The military’s got spy drones and surveillance cameras all over Afghanistan, and they’re looking to add even more. But the heaps of footage are already more than analysts can handle. Now, the Pentagon’s launching a a new effort that will use computer programming to help human analysts and improve the speed and accuracy of spy-cam threat detection — even when there’s only “weak evidence” of an impending attack.
Darpa, the military’s far-out research arm, is looking for proposals for a software program that will zero in on useful intelligence collected by all those aerial cameras. And they want the system to work in two ways: as a forensic tool to scan older footage and help human analysts trace the onset of specific events, and as a real-time analyst itself, using algorithms to detect potential threats. Darpa’s calling it the “Persistent Stare Exploitation and Analysis System” — “PerSEAS” (ugh) for short.
The military’s already got surveillance systems that can work in real-time and scan footage for unusual activity. Angel Fire, a program launched by the Air Force, works like an airborne security camera and transmits footage to military analysts. And Constant Hawk, which can analyze still images for potential threats, has been successful in curbing convoy attacks. But these wide area motion imagery (WAMI) cameras can generate terabytes of data from a single mission. It can takes hours or days or weeks for military eyes to review it all. “The tedious nature of current exploitation capabilities limits the ability to fully utilize the available data. Consequently, critical battlefield questions go unanswered and timely threat cues are missed,” Darpa notes.
The agency is hoping its system would be able to work faster, and connect the dots between specific combinations of activity, objects and events that often precede threats — erratic driving before a roadside suicide attack, say.
That data is already available from post-event analysis, but the software would also learn as it went, modifying the algorithms that distinguish potentially hostile activities to accommodate “the transient nature of insurgent tactics.” And Darpa wants a system that can adapt to different circumstances:
This technology should be able to build normalcy models based on observations over several days or hours, as appropriate, and then discover and identify anomalies as seen in subsequent WAMI sequences.

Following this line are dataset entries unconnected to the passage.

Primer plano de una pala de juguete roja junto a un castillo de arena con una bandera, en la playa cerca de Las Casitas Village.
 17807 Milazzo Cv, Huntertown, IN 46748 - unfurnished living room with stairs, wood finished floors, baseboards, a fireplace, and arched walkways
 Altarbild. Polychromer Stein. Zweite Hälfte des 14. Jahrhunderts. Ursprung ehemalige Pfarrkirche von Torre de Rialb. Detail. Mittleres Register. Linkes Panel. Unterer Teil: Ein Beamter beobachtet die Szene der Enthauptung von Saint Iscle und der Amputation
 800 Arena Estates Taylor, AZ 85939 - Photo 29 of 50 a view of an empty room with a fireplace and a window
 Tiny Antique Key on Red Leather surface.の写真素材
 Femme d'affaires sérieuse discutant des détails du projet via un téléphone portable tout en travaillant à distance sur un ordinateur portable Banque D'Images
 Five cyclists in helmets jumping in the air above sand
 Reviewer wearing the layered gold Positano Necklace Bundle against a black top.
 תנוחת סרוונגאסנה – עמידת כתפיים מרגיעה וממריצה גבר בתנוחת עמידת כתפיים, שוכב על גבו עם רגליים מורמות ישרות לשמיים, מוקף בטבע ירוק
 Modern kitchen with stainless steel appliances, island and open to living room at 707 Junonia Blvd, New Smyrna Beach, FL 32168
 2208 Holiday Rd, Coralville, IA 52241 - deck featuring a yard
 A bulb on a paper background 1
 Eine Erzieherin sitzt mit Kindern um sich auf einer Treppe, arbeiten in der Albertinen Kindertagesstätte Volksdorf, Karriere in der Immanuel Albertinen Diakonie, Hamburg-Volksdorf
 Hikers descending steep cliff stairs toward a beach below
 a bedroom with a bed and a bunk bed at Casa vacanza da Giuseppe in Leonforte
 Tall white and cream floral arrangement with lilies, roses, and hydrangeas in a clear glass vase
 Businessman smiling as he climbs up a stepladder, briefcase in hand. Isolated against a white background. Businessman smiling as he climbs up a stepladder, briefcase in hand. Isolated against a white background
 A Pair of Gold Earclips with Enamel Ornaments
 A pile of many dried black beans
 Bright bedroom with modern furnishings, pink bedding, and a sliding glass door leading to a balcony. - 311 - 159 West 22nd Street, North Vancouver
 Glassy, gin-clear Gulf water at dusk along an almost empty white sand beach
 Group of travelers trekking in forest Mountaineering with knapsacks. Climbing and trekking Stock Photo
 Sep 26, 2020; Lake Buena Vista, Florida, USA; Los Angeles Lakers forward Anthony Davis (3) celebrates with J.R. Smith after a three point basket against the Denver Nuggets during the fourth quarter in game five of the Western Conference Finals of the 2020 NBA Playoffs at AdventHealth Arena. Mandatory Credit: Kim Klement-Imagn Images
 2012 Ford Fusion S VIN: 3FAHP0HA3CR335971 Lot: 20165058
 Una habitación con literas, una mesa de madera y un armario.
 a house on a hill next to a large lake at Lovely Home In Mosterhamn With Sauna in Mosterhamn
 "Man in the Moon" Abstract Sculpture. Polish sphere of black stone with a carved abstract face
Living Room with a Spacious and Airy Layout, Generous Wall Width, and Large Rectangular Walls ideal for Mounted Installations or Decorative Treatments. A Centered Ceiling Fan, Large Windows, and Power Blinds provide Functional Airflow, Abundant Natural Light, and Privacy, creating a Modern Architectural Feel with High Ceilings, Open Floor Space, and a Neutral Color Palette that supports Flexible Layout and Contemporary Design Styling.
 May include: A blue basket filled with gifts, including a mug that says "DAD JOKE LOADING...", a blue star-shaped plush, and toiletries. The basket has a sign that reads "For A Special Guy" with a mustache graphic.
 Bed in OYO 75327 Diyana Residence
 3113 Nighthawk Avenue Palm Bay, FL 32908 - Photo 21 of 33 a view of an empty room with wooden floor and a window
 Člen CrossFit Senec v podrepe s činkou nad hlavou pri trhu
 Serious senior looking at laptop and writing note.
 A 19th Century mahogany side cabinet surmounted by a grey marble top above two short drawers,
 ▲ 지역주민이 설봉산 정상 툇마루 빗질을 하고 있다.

So PerSEAS should be quicker and more adaptable than human analysts. But it should also be more intuitive: Darpa wants the program to detect threats that stem from “a set or sequence of normal activities” or “weak evidence,” giving troops plenty of time to intervene. The program sounds fool-proof, but Darpa’s not quite ready to entrust computers with wartime decision-making: they’re asking for a system that’ll let grunts double-check any PerSEAS red alert:
How will the user know that those two vehicles highlighted were the probable attack vehicles in the suicide vehicle bombing? How will the user understand the significance of a highlighted facility which may represent a new meeting location for a terrorist group? Users should have full access to the hierarchy of information being exploited, thus allowing the analyst to drill down through the data to better understand the results and the implications.